Send back the data below exactly. Drop every picture.

■ Records for processing ■
-=-=-=-=-

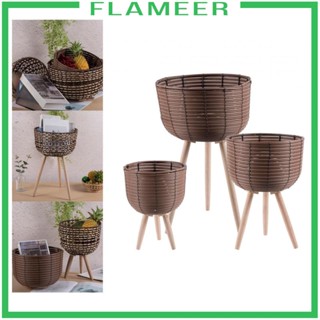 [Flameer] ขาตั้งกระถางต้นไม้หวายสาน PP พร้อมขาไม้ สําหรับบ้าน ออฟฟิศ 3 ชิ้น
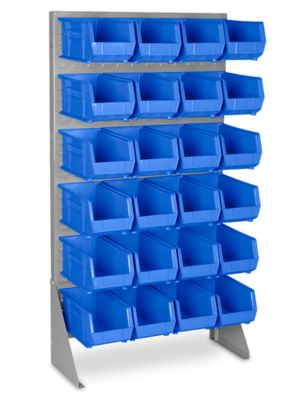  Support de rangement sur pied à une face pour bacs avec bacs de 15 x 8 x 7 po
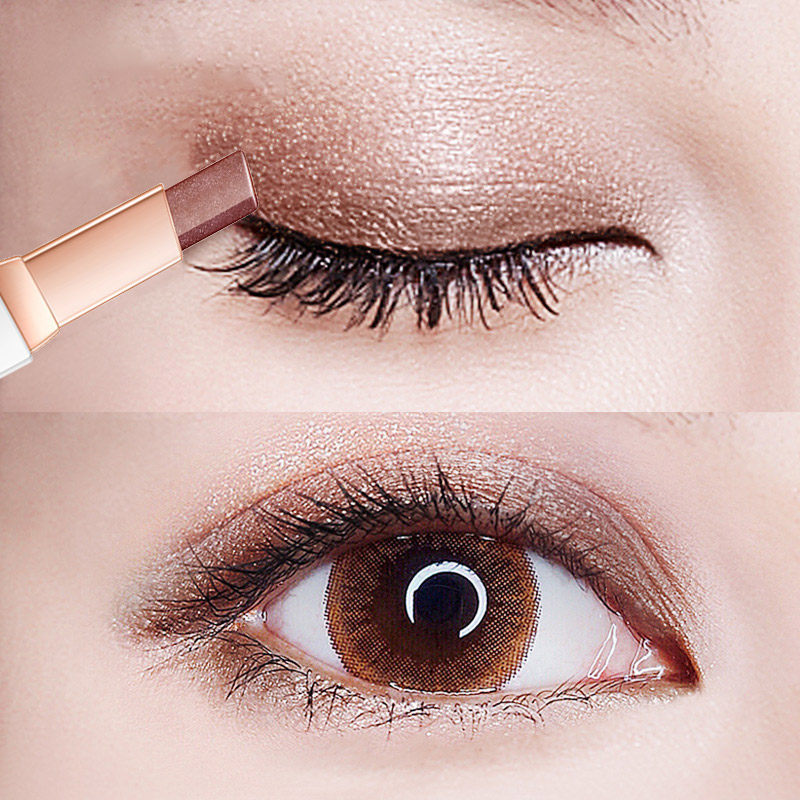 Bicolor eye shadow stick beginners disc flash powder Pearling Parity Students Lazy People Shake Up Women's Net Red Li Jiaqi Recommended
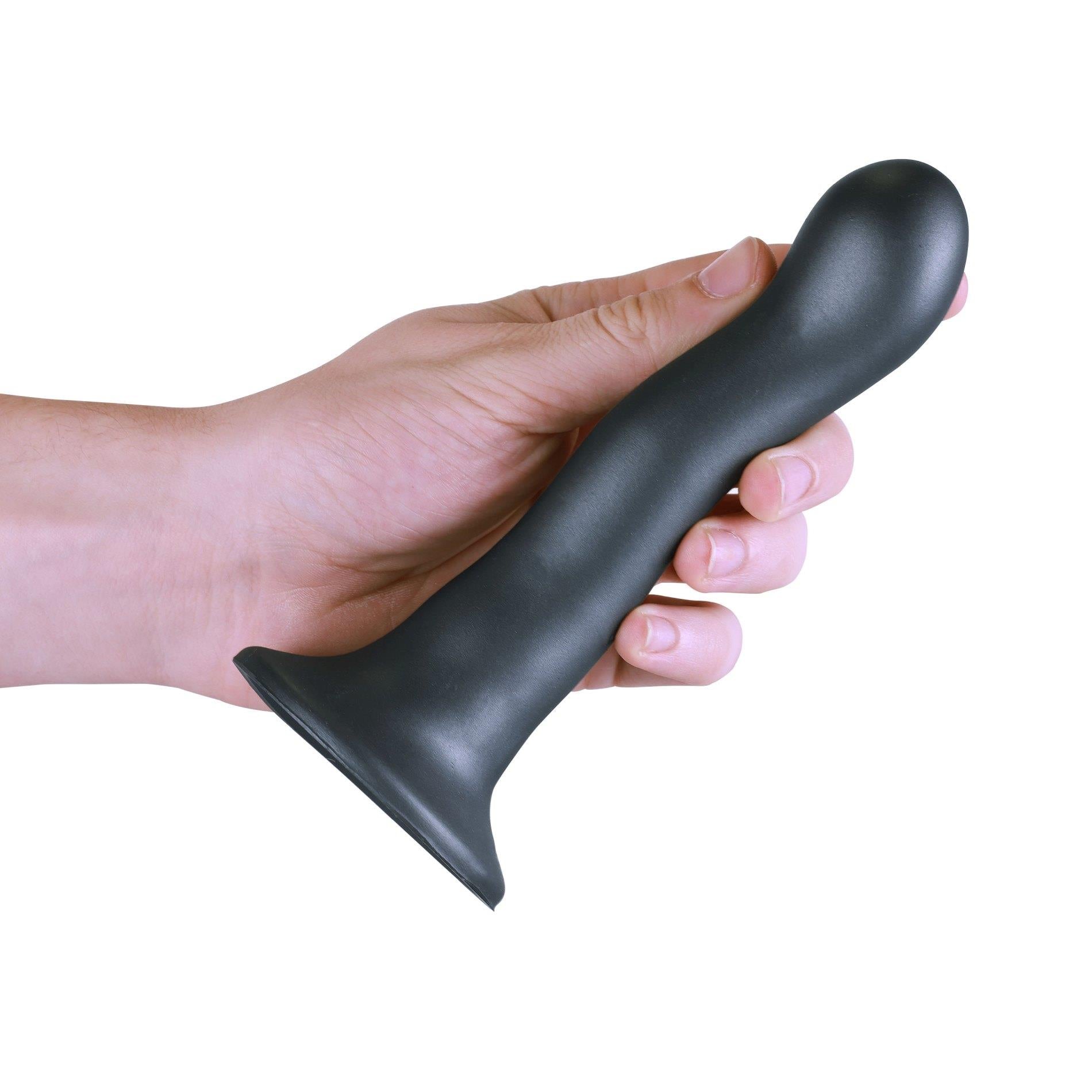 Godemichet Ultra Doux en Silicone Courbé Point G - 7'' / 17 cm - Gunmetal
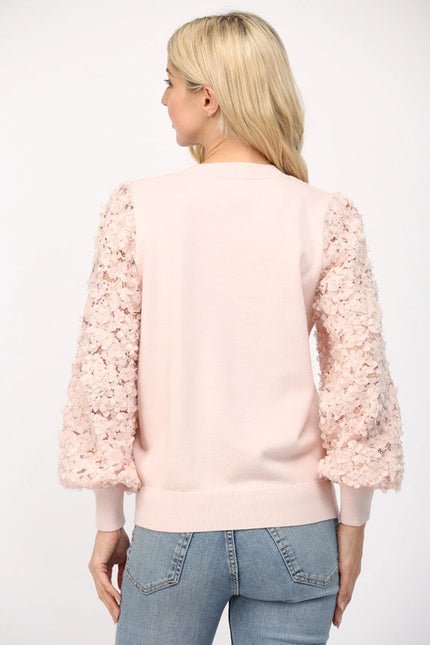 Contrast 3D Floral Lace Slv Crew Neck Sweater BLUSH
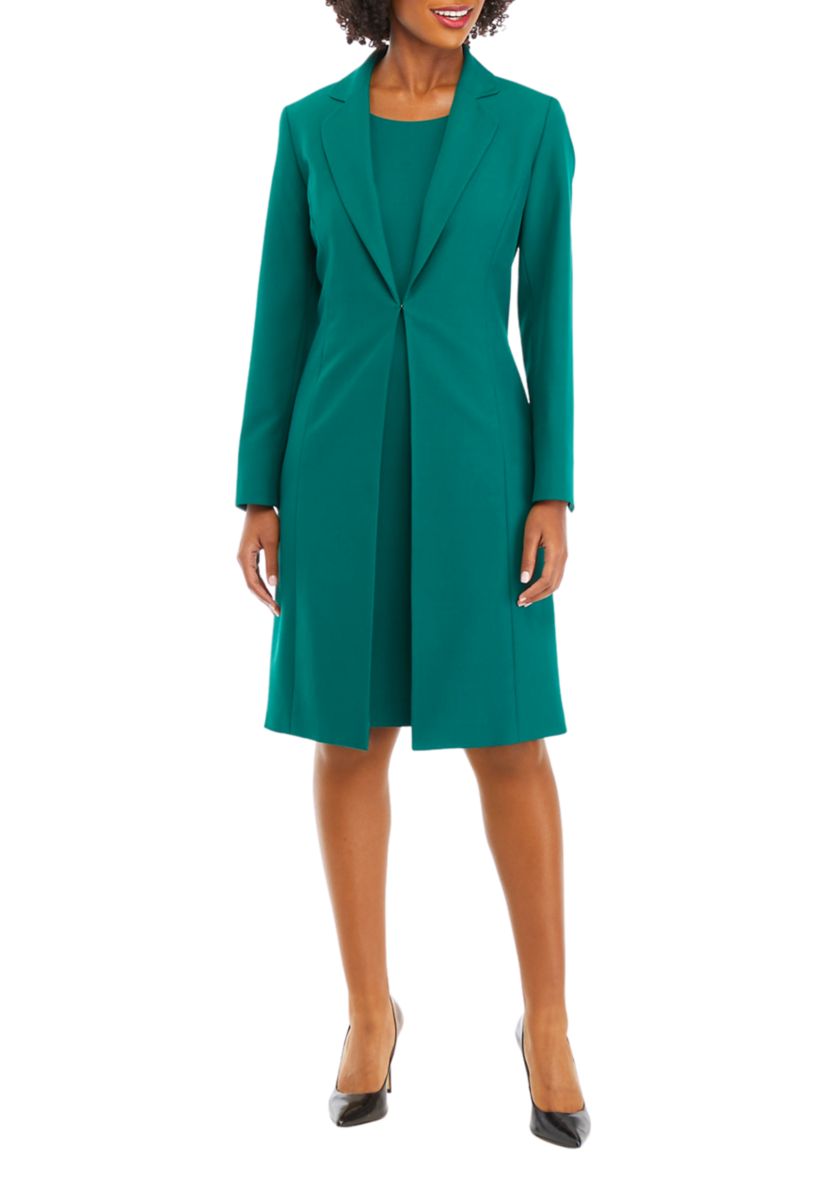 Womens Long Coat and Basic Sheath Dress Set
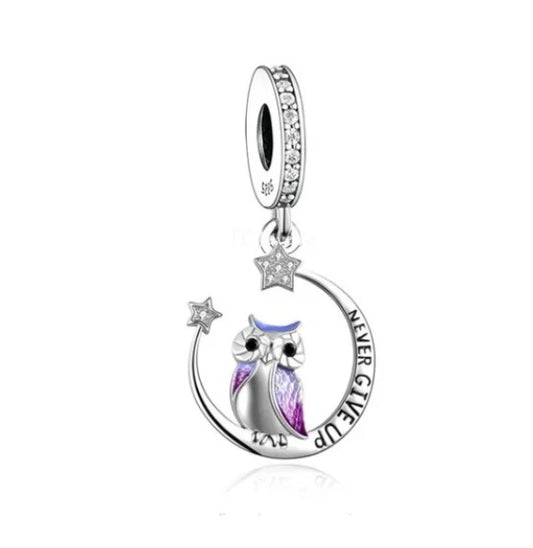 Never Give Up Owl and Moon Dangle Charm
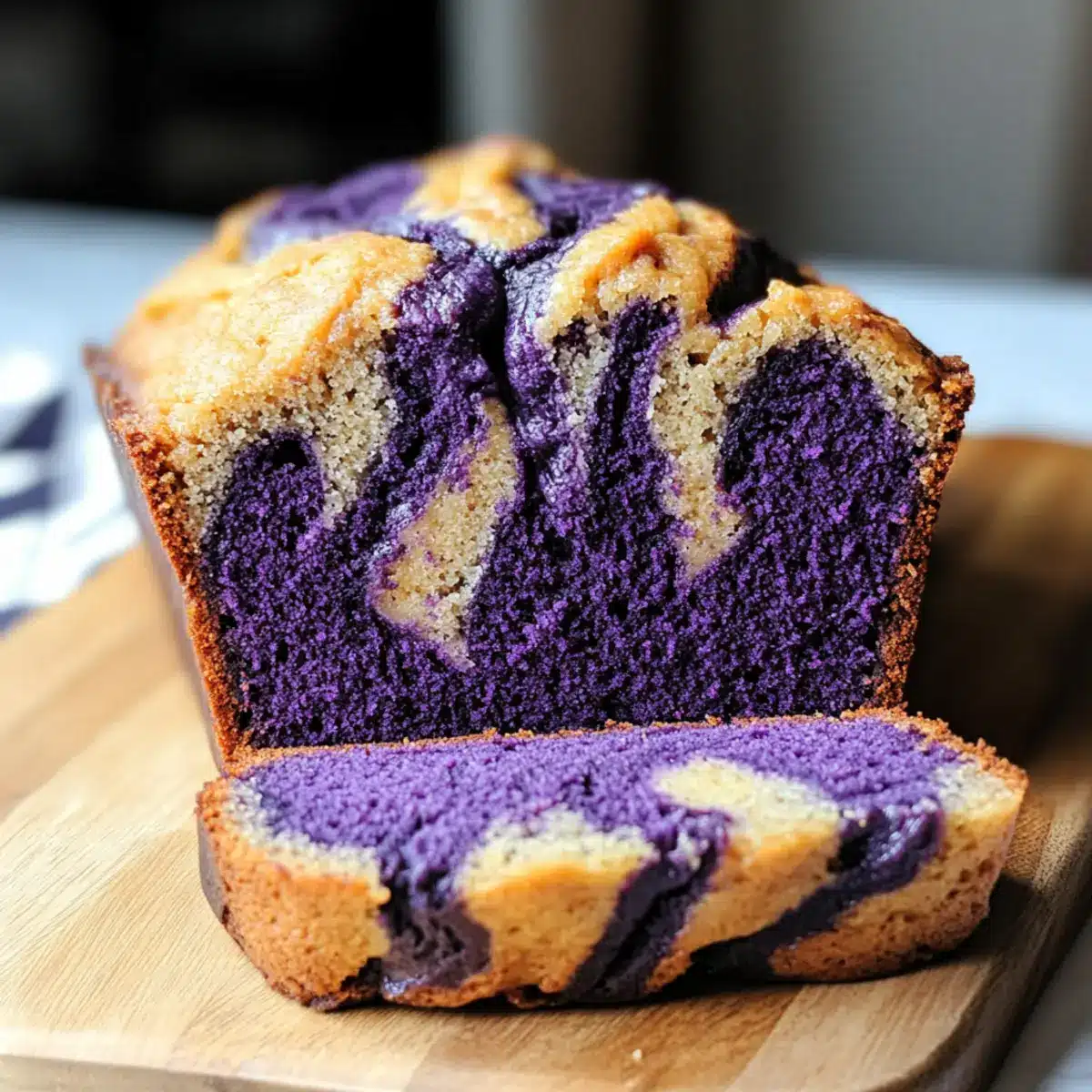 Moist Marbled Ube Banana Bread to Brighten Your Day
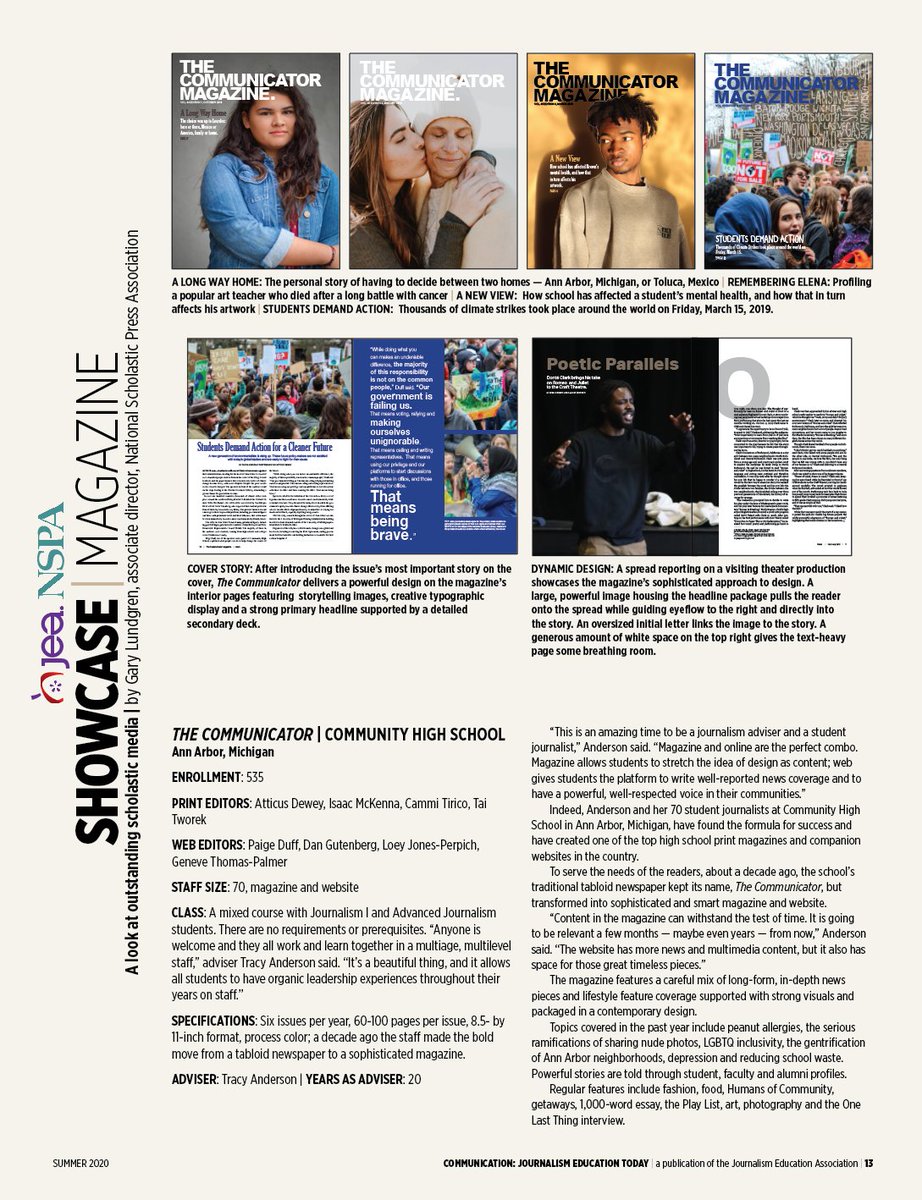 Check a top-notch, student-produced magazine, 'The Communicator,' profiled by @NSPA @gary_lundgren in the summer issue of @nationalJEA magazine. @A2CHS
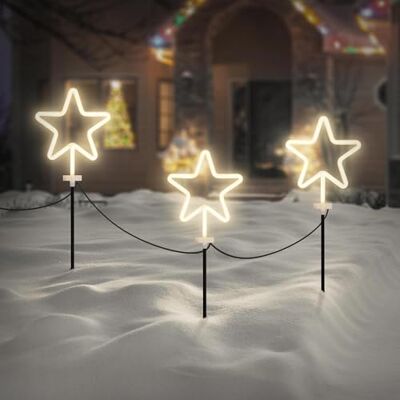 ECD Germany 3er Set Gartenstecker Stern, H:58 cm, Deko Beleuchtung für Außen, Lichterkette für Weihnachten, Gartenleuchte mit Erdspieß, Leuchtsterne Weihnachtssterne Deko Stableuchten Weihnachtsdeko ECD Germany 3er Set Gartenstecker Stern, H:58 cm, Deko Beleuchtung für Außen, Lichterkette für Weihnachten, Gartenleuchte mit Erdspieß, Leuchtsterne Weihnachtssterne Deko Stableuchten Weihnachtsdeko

-=-=-=-=-

■ Expected answer ■
 [Flameer] ขาตั้งกระถางต้นไม้หวายสาน PP พร้อมขาไม้ สําหรับบ้าน ออฟฟิศ 3 ชิ้น
  Support de rangement sur pied à une face pour bacs avec bacs de 15 x 8 x 7 po
 Bicolor eye shadow stick beginners disc flash powder Pearling Parity Students Lazy People Shake Up Women's Net Red Li Jiaqi Recommended
 Godemichet Ultra Doux en Silicone Courbé Point G - 7'' / 17 cm - Gunmetal
 Contrast 3D Floral Lace Slv Crew Neck Sweater BLUSH
 Womens Long Coat and Basic Sheath Dress Set
 Never Give Up Owl and Moon Dangle Charm
 Moist Marbled Ube Banana Bread to Brighten Your Day
 Check a top-notch, student-produced magazine, 'The Communicator,' profiled by @NSPA @gary_lundgren in the summer issue of @nationalJEA magazine. @A2CHS
 ECD Germany 3er Set Gartenstecker Stern, H:58 cm, Deko Beleuchtung für Außen, Lichterkette für Weihnachten, Gartenleuchte mit Erdspieß, Leuchtsterne Weihnachtssterne Deko Stableuchten Weihnachtsdeko ECD Germany 3er Set Gartenstecker Stern, H:58 cm, Deko Beleuchtung für Außen, Lichterkette für Weihnachten, Gartenleuchte mit Erdspieß, Leuchtsterne Weihnachtssterne Deko Stableuchten Weihnachtsdeko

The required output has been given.